Task goal ▸
Nothing in the records may be altered, so transcribe them exactly.

Dataset records ▸
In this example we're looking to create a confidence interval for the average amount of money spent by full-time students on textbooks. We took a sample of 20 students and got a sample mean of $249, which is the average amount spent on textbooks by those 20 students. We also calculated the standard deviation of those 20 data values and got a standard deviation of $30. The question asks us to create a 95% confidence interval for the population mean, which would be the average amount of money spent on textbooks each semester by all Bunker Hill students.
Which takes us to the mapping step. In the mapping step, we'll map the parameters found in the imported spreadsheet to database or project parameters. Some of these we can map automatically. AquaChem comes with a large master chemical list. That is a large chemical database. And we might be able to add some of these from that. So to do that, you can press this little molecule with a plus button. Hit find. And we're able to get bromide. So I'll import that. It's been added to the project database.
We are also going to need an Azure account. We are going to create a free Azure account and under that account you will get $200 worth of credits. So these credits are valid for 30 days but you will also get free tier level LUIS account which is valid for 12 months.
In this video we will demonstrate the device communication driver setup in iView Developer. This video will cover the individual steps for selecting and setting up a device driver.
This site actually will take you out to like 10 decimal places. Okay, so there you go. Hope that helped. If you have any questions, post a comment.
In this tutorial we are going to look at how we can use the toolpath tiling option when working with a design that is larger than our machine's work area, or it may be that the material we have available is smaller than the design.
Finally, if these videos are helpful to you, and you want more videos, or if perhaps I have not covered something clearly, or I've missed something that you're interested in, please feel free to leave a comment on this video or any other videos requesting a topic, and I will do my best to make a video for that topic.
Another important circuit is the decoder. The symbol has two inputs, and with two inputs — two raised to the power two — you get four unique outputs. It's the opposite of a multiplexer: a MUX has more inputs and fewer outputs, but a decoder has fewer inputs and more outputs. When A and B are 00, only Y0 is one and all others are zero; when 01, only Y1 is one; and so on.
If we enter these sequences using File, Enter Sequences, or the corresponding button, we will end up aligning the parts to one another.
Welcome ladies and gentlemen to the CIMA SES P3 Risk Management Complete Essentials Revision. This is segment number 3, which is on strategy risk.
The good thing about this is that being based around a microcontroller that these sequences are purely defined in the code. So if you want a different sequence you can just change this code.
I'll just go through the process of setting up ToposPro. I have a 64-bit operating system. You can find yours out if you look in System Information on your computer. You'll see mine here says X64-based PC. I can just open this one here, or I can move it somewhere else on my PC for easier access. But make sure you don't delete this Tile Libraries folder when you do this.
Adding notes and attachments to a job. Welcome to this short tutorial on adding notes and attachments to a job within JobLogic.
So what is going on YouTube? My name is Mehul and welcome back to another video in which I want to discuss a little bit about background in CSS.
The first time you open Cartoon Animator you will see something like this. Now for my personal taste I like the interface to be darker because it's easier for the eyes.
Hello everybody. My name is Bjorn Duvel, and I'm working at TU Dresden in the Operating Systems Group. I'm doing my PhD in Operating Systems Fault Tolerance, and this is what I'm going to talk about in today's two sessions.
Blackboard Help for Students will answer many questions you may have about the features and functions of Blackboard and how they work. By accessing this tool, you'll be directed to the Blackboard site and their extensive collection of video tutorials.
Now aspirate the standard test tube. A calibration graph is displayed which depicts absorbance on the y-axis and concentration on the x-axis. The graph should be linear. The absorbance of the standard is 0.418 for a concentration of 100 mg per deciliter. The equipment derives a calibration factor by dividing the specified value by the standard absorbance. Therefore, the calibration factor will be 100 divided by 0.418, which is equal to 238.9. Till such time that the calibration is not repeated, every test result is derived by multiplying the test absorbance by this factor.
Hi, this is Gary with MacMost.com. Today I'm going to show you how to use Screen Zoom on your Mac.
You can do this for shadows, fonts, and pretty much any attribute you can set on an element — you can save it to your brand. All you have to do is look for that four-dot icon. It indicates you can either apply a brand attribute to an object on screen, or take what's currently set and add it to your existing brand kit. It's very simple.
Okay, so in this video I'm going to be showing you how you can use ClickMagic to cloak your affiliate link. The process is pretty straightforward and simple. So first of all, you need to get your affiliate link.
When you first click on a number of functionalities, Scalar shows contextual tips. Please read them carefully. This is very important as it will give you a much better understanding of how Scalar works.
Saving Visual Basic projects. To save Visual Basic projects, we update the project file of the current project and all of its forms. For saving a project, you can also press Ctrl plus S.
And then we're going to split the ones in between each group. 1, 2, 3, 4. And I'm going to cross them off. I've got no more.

Task response ▸
In this example we're looking to create a confidence interval for the average amount of money spent by full-time students on textbooks. We took a sample of 20 students and got a sample mean of $249, which is the average amount spent on textbooks by those 20 students. We also calculated the standard deviation of those 20 data values and got a standard deviation of $30. The question asks us to create a 95% confidence interval for the population mean, which would be the average amount of money spent on textbooks each semester by all Bunker Hill students.
Which takes us to the mapping step. In the mapping step, we'll map the parameters found in the imported spreadsheet to database or project parameters. Some of these we can map automatically. AquaChem comes with a large master chemical list. That is a large chemical database. And we might be able to add some of these from that. So to do that, you can press this little molecule with a plus button. Hit find. And we're able to get bromide. So I'll import that. It's been added to the project database.
We are also going to need an Azure account. We are going to create a free Azure account and under that account you will get $200 worth of credits. So these credits are valid for 30 days but you will also get free tier level LUIS account which is valid for 12 months.
In this video we will demonstrate the device communication driver setup in iView Developer. This video will cover the individual steps for selecting and setting up a device driver.
This site actually will take you out to like 10 decimal places. Okay, so there you go. Hope that helped. If you have any questions, post a comment.
In this tutorial we are going to look at how we can use the toolpath tiling option when working with a design that is larger than our machine's work area, or it may be that the material we have available is smaller than the design.
Finally, if these videos are helpful to you, and you want more videos, or if perhaps I have not covered something clearly, or I've missed something that you're interested in, please feel free to leave a comment on this video or any other videos requesting a topic, and I will do my best to make a video for that topic.
Another important circuit is the decoder. The symbol has two inputs, and with two inputs — two raised to the power two — you get four unique outputs. It's the opposite of a multiplexer: a MUX has more inputs and fewer outputs, but a decoder has fewer inputs and more outputs. When A and B are 00, only Y0 is one and all others are zero; when 01, only Y1 is one; and so on.
If we enter these sequences using File, Enter Sequences, or the corresponding button, we will end up aligning the parts to one another.
Welcome ladies and gentlemen to the CIMA SES P3 Risk Management Complete Essentials Revision. This is segment number 3, which is on strategy risk.
The good thing about this is that being based around a microcontroller that these sequences are purely defined in the code. So if you want a different sequence you can just change this code.
I'll just go through the process of setting up ToposPro. I have a 64-bit operating system. You can find yours out if you look in System Information on your computer. You'll see mine here says X64-based PC. I can just open this one here, or I can move it somewhere else on my PC for easier access. But make sure you don't delete this Tile Libraries folder when you do this.
Adding notes and attachments to a job. Welcome to this short tutorial on adding notes and attachments to a job within JobLogic.
So what is going on YouTube? My name is Mehul and welcome back to another video in which I want to discuss a little bit about background in CSS.
The first time you open Cartoon Animator you will see something like this. Now for my personal taste I like the interface to be darker because it's easier for the eyes.
Hello everybody. My name is Bjorn Duvel, and I'm working at TU Dresden in the Operating Systems Group. I'm doing my PhD in Operating Systems Fault Tolerance, and this is what I'm going to talk about in today's two sessions.
Blackboard Help for Students will answer many questions you may have about the features and functions of Blackboard and how they work. By accessing this tool, you'll be directed to the Blackboard site and their extensive collection of video tutorials.
Now aspirate the standard test tube. A calibration graph is displayed which depicts absorbance on the y-axis and concentration on the x-axis. The graph should be linear. The absorbance of the standard is 0.418 for a concentration of 100 mg per deciliter. The equipment derives a calibration factor by dividing the specified value by the standard absorbance. Therefore, the calibration factor will be 100 divided by 0.418, which is equal to 238.9. Till such time that the calibration is not repeated, every test result is derived by multiplying the test absorbance by this factor.
Hi, this is Gary with MacMost.com. Today I'm going to show you how to use Screen Zoom on your Mac.
You can do this for shadows, fonts, and pretty much any attribute you can set on an element — you can save it to your brand. All you have to do is look for that four-dot icon. It indicates you can either apply a brand attribute to an object on screen, or take what's currently set and add it to your existing brand kit. It's very simple.
Okay, so in this video I'm going to be showing you how you can use ClickMagic to cloak your affiliate link. The process is pretty straightforward and simple. So first of all, you need to get your affiliate link.
When you first click on a number of functionalities, Scalar shows contextual tips. Please read them carefully. This is very important as it will give you a much better understanding of how Scalar works.
Saving Visual Basic projects. To save Visual Basic projects, we update the project file of the current project and all of its forms. For saving a project, you can also press Ctrl plus S.
And then we're going to split the ones in between each group. 1, 2, 3, 4. And I'm going to cross them off. I've got no more.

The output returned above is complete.